Copy, exactly as written, the lines that begin at the one containing "Tigercat 250 Loader" and end at the one containing "Rosa Bebê Casual". Skip any pictures in the data below.

Data supplied Block Start

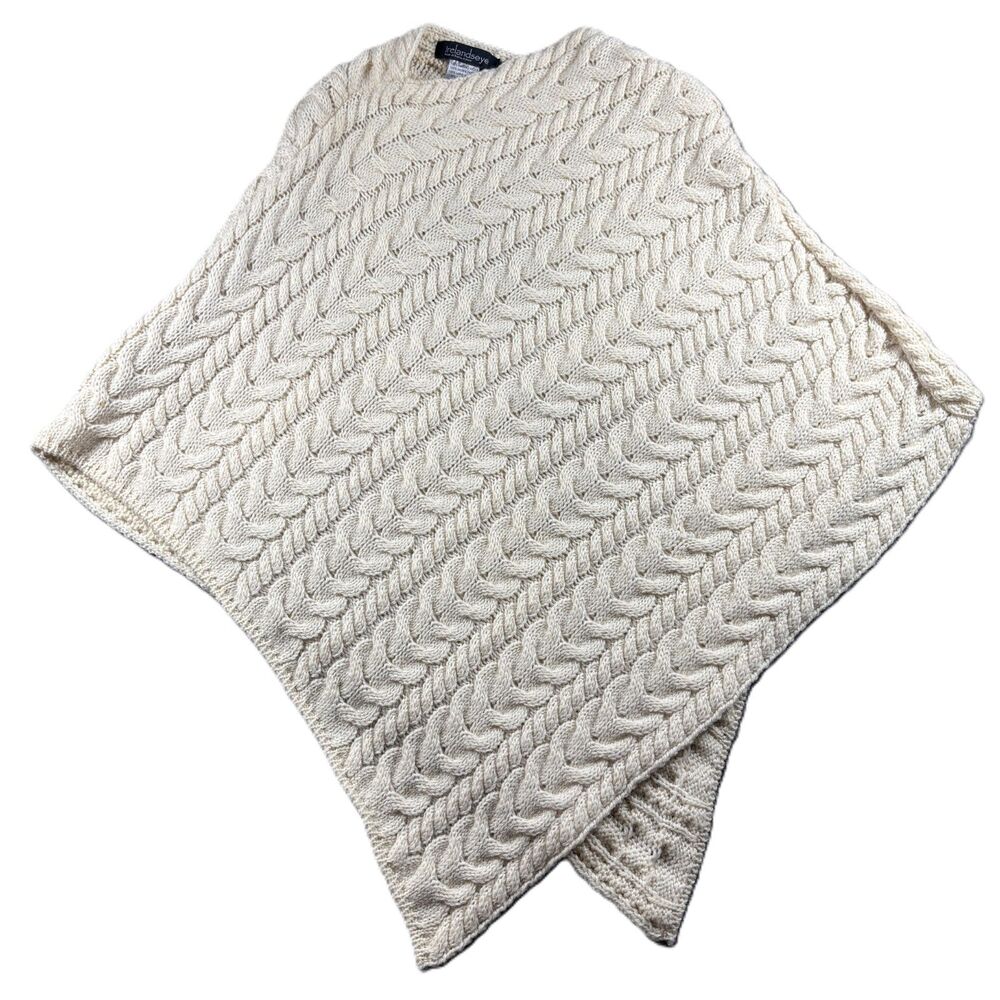 Ireland's Eye Women Cable Knit Poncho Sweater 100% Merino Wool Ivory L/XL P228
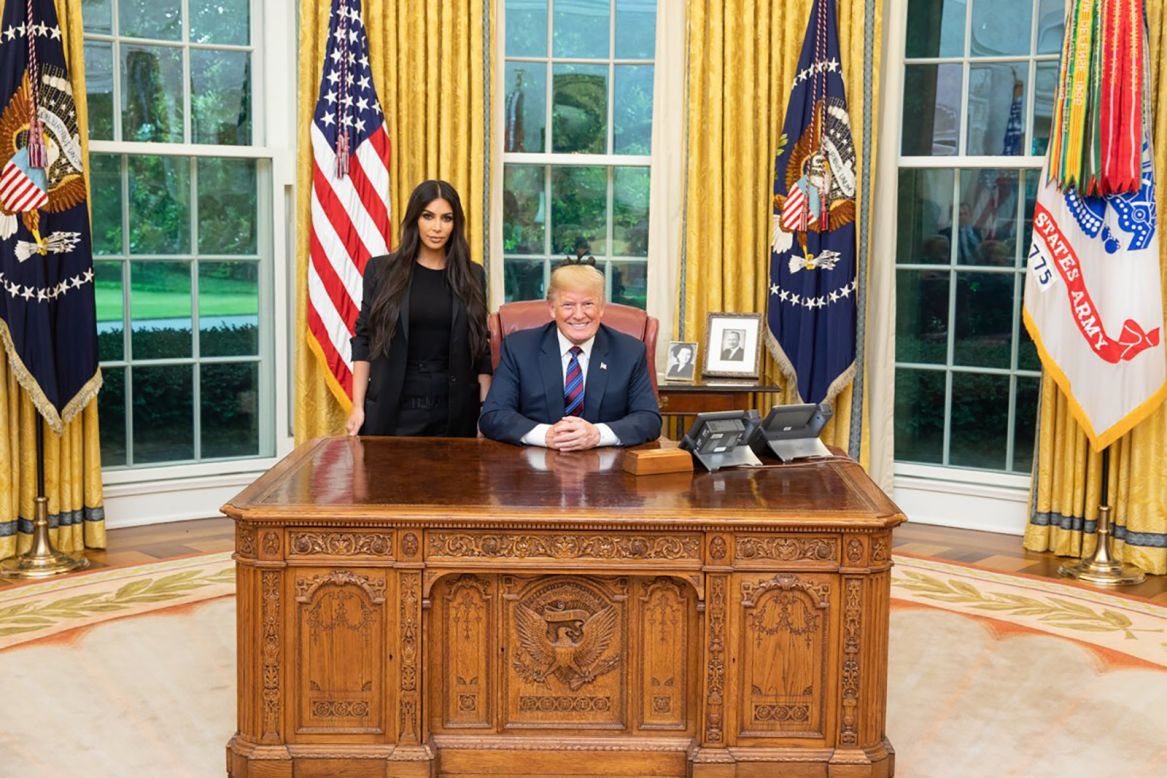 US President Donald Trump is joined by celebrity Kim Kardashian West in the White House Oval Office on Wednesday, May 30. "Great meeting with @KimKardashian today, talked about prison reform and sentencing," the President tweeted along with the photo. Kardashian West <a href="https://www.cnn.com/2018/05/30/politics/kim-kardashian-jared-kushner-white-house/index.html" target="_blank">has been advocating for a pardon</a> for Alice Marie Johnson, a low-level drug offender who has served more than 20 years in prison.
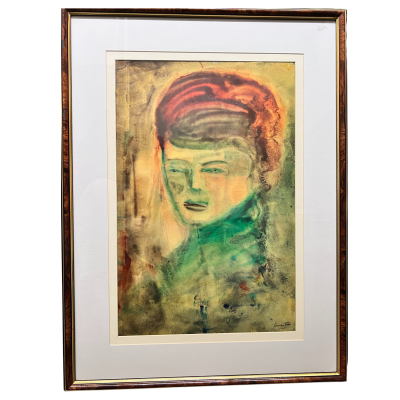 Pintura abstrata retrato emoldurada com cabelo vermelho e roupas verdes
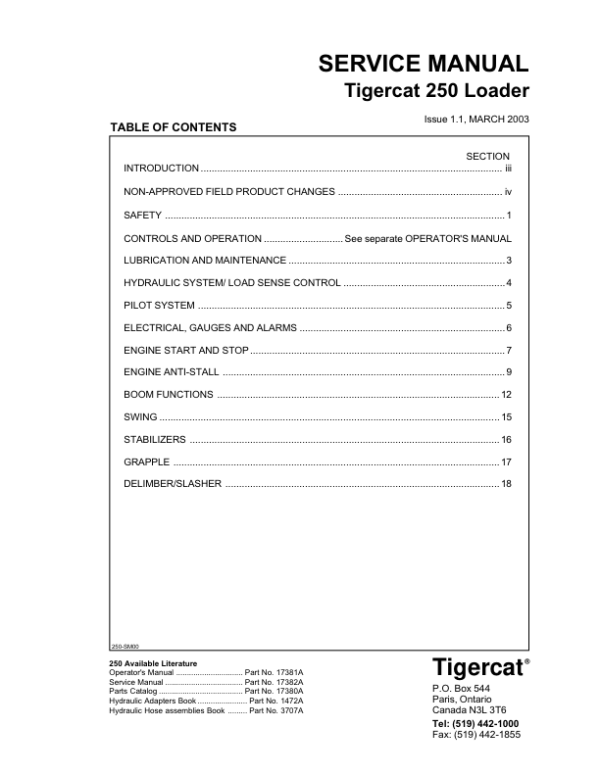 Tigercat 250 Loader Repair Service Manual (2500101 – 2500499)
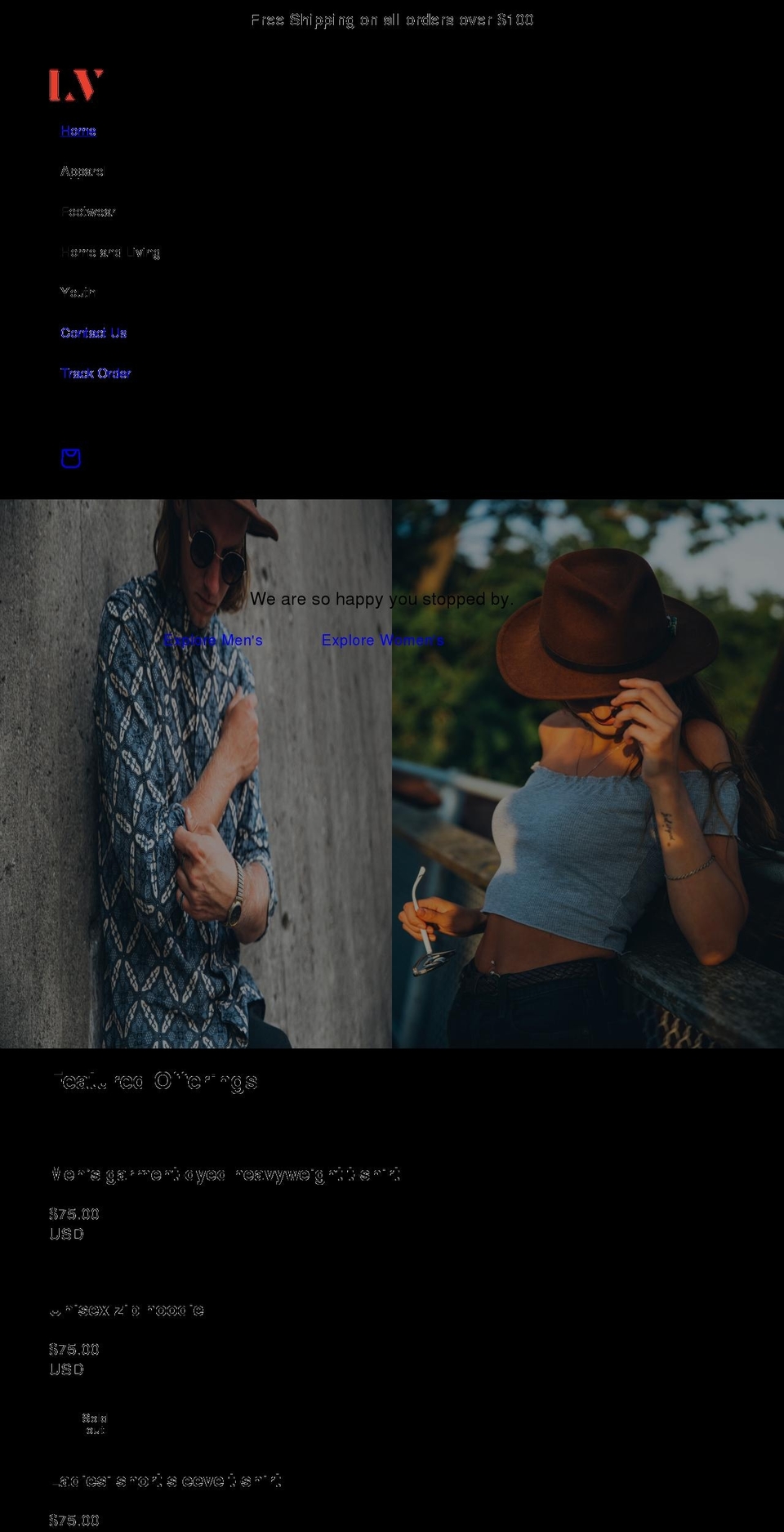 lvbrand.com shopify website screenshot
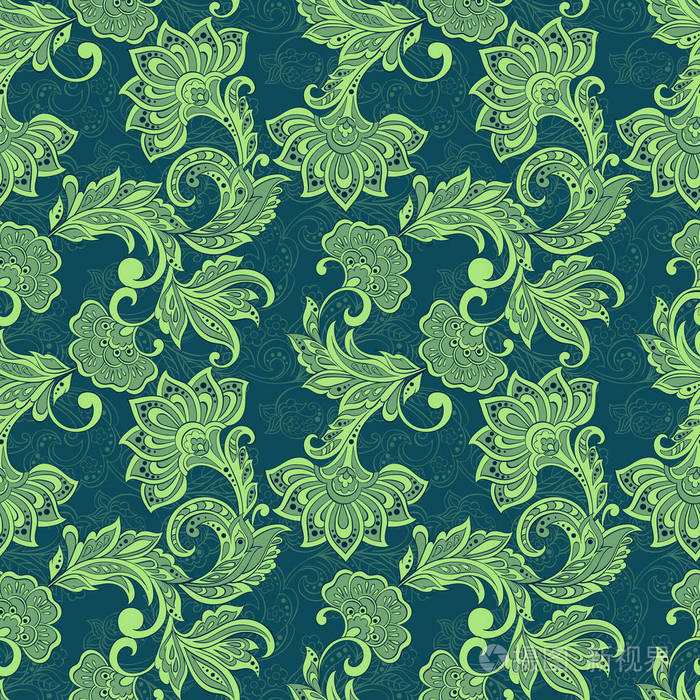 蜡染风格印度无缝花纹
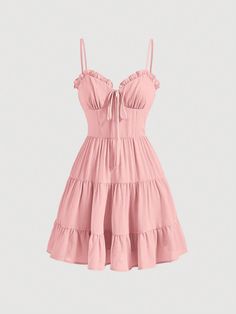 Rosa Bebê Casual Collar Sem Mangas Tecido Simples Suspensório Embellished Não elástico  Roupas Femininas Pink Outfits, Really Cute Outfits, Girly Outfits, Cami Dress, Spaghetti Strap Dresses, Dream Dress, Look Cool, Cute Casual Outfits, Cute Fashion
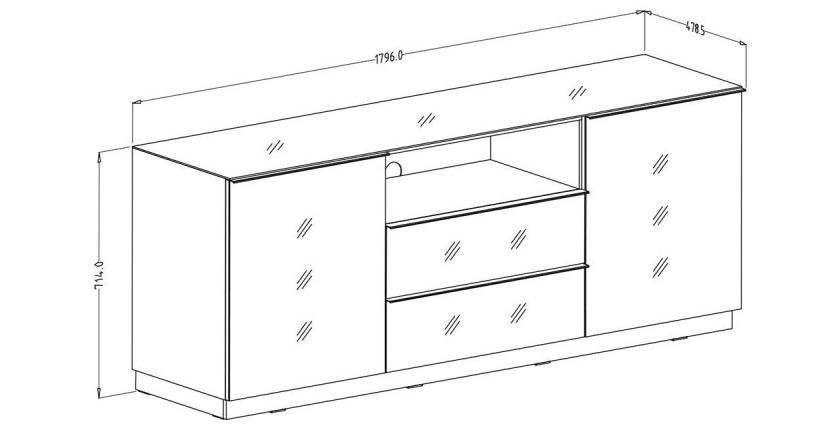 Buffet 180cm 2 portes et 2 tiroirs collection ZANTE. Coloris noir et gris brillant. LED incluses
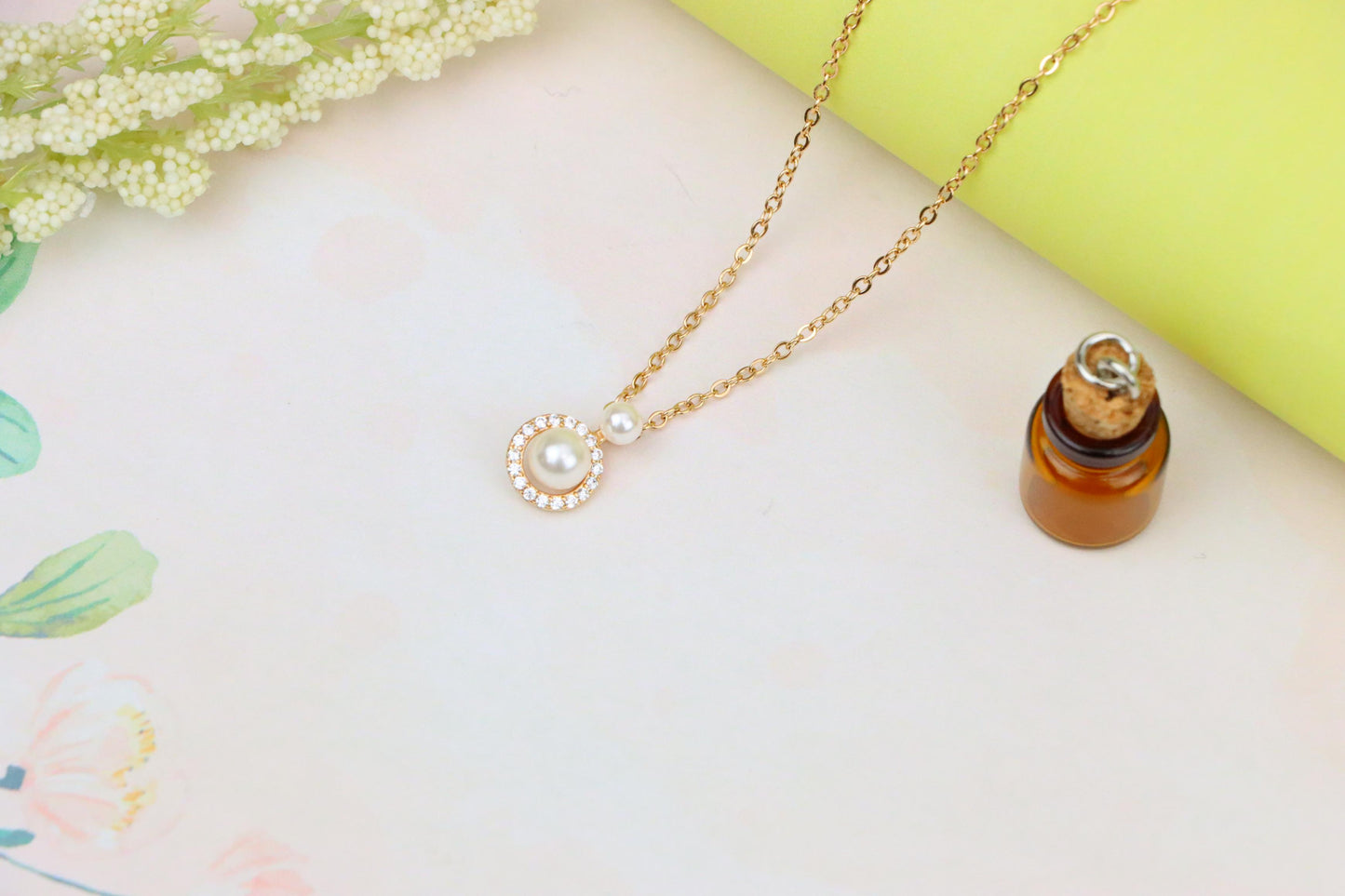 Elegant Dual Pearl Rose Gold Necklace with Sparkling Halo Circle, XPNL1899 (2161-2)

Data supplied Block End

- **Solution for this task**:
 Tigercat 250 Loader Repair Service Manual (2500101 – 2500499)
 lvbrand.com shopify website screenshot
 蜡染风格印度无缝花纹
 Rosa Bebê Casual Collar Sem Mangas Tecido Simples Suspensório Embellished Não elástico  Roupas Femininas Pink Outfits, Really Cute Outfits, Girly Outfits, Cami Dress, Spaghetti Strap Dresses, Dream Dress, Look Cool, Cute Casual Outfits, Cute Fashion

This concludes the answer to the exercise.